ATHENS (Reuters) - Greece called into question on Saturday a major debt repayment it must make to the European Central Bank this summer, after acknowledging it faces problems in meeting its obligations to international creditors.
Finance Minister Yanis Varoufakis said Athens should negotiate with the ECB on 6.7 billion euros in Greek government bonds held by the Frankfurt-based bank that mature in July and August.
Varoufakis did not say what he hoped to achieve in any talks, but he accused the ECB of making a mistake in buying the bonds around the time Greece had to take an EU/IMF bailout in 2010.
"Shouldn't we negotiate this? We will fight it," he said in an interview with Skai television. "If we had the money we would pay ... They know we don't have it."
The government of leftist Prime Minister Alexis Tsipras promised to honour all its debt obligations when it struck a deal with the euro zone last week that extended Greece's bailout programme for four months.
But Athens will get no more money until the European Commission, ECB and International Monetary Fund have approved in detail its economic plans during the four-month period.
With tax revenue falling far short of target last month and an economic recovery faltering, the state must repay an IMF loan of around 1.6 billion euros in March and find 800 million in interest payments in April. It then needs about 7.5 billion in July and August to repay the bonds held by the ECB and make other interest payments.
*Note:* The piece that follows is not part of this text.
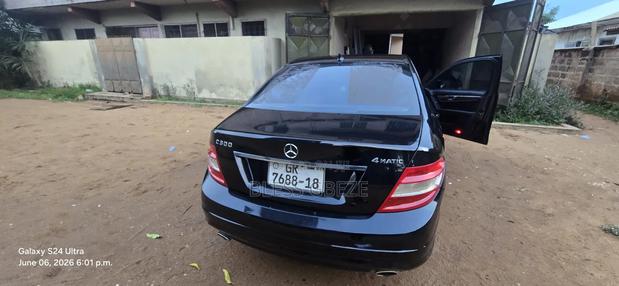 Mercedes-Benz C300 Luxury 4Matic Sedan AWD (3.0L 6cyl 7A) 2010 Black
The ECB bought the bonds on the secondary market under its Securities Markets Programme (SMP) which aimed to reduce borrowing costs for troubled southern European governments during the euro zone debt crisis.
However, Greece was frozen out of international debt markets, and more than four years later is still unable to fund itself commercially apart from limited issues of short-term treasury bills.
Varoufakis, who has staged a media blitz in recent days to sell the euro zone deal to the Greek people, singled out former ECB President Jean-Claude Trichet for criticism.
"One part of the negotiations will be on what will happen to these bonds which unfortunately and wrongly Mr Trichet bought," he said. "I see it as a mistake - but the ECB did this with the aim of keeping us in the markets in 2010. They failed."
Varoufakis argued that if the bonds had remained in investors' hands, their value would have been cut by 90 percent under a restructuring of Greece's privately held debt in 2012, reducing the burden on the state.
The ECB bought the bonds at a deep discount and made large profits because their value rose as the euro zone debt crisis eased. Under Greece's second bailout deal, these profits were due to be returned to Athens to help it repay debt.
Athens received a partial payment in 2013 but euro zone countries are withholding a further 1.9 billion euros pending the review of Greece's economic plans. Varoufakis wants this money sent directly to the IMF to meet the March payment.